Politics of expediency
The gruesome events in Rajasthan have proved that the existing policy of reservation is going to be the prime obstacle in India becoming an egalitarian State.india Updated: Jun 05, 2007 21:24 IST
The gruesome events in Rajasthan have proved that the existing politicised policy of reservation is going to be the prime obstacle in India becoming an egalitarian State. This policy is the child of the vested interests and no one in the corridors of power will raise a voice against it. Each one tends to outbid others in offering sops on caste lines for votes.
The scenario in Rajasthan was truly frightening. Apart from the precious lives lost in the violence at different places, the clash between the Meenas and Gujjars on the issue of granting the latter ST status does not augur well for the future. Though the tensions have ended, it could flare up again at the slightest provocation. The cynicism of our leaders was evident when Parliament passed the resolution that the creamy layer would be included in quotas, thus negating the principles laid down by the founding fathers of our Constitution. A new system in which the only criterion will be economic backwardness should replace the present quota system.
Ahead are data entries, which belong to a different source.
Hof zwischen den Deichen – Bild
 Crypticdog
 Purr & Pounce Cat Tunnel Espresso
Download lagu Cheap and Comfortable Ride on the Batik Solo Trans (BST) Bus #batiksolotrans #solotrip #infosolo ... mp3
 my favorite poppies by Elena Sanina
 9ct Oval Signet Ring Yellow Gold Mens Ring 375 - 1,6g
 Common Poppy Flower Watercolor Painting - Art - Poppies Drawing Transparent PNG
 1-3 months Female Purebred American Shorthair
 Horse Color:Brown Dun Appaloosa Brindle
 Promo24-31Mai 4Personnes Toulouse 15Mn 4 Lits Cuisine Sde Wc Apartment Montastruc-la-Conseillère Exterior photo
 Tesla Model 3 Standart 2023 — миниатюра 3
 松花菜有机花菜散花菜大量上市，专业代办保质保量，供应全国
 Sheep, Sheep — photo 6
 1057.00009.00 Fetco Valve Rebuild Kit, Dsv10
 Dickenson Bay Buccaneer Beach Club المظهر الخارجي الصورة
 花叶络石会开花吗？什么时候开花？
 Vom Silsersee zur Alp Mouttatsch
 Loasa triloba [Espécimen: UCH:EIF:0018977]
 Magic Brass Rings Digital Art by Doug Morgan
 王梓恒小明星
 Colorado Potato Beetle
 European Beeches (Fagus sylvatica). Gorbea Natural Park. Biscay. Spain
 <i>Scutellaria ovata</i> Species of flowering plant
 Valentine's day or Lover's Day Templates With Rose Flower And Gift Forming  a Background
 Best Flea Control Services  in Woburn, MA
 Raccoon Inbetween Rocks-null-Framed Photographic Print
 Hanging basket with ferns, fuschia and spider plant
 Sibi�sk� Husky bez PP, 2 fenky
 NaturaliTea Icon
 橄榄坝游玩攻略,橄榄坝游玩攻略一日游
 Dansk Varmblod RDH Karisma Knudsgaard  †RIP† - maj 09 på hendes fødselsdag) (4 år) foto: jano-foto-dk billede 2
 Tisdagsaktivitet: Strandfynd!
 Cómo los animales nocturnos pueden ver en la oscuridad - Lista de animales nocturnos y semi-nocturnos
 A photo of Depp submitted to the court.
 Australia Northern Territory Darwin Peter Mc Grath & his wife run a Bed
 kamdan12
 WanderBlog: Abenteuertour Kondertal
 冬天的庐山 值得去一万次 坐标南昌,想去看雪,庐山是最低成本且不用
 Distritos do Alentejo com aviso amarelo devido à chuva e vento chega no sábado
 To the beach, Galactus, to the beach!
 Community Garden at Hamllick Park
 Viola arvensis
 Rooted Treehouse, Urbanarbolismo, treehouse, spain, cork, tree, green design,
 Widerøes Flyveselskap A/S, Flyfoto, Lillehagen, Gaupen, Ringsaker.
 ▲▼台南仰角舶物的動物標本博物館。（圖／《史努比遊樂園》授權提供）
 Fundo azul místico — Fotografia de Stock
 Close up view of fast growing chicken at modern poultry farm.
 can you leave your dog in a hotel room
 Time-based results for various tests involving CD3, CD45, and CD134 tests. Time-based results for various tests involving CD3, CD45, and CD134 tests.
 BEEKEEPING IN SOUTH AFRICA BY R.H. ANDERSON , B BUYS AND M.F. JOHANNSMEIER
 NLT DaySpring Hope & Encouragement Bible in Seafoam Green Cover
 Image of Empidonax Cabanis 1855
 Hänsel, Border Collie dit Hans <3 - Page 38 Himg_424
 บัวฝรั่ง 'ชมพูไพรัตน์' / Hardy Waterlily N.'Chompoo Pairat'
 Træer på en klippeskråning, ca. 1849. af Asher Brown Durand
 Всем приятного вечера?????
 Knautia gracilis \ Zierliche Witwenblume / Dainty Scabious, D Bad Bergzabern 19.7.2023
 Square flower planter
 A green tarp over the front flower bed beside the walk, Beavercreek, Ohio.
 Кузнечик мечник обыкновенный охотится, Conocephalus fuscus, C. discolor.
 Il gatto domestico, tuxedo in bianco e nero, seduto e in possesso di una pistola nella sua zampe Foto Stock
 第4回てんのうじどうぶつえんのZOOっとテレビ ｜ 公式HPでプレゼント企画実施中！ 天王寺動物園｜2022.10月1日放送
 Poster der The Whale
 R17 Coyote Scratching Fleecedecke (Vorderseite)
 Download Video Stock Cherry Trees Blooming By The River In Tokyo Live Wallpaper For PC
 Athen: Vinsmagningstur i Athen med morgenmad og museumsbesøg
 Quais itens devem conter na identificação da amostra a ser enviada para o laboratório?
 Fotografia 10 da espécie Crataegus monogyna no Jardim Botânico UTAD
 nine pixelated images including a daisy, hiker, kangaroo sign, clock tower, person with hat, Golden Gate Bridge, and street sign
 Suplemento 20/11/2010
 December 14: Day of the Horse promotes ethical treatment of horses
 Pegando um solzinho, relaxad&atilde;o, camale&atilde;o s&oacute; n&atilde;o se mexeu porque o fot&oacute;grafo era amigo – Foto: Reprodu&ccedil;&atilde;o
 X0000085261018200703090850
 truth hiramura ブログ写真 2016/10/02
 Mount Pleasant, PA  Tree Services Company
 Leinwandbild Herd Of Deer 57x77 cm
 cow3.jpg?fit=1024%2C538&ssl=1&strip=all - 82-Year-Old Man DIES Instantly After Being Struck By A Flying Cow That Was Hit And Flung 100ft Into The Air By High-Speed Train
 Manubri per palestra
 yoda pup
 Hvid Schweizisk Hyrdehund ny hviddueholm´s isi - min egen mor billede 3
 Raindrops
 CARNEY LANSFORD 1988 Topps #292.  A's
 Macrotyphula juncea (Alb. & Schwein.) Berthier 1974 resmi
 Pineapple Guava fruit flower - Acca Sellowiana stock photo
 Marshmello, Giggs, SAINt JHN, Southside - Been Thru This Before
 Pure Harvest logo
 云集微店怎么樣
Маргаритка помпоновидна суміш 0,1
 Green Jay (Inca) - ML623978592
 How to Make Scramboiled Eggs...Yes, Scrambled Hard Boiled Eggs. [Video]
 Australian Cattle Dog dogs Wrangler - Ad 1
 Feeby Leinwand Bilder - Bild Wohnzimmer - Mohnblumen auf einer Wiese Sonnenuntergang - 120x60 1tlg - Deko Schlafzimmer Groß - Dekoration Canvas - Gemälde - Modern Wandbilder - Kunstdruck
When the Gujjars are so empowered, so resourceful and have so much power that they can affect railways, burn buses and disrupt the capital, do they really need reservations? If they channelise this destructive power for philanthropic purposes, they themselves can achieve greater heights. I wonder if they are really backward.
Former PM VP Singh must be a happy man today as the seeds of reservation he sowed in 1991 have not only sprouted and grown, but have begun to bear fruit.
Kulwant H Singh
The violence we saw is the outcome of vote-bank politics at its worst. It’s time for an all-party consensus to stop this trend and emphasise that leaders are there to lead, not to mislead.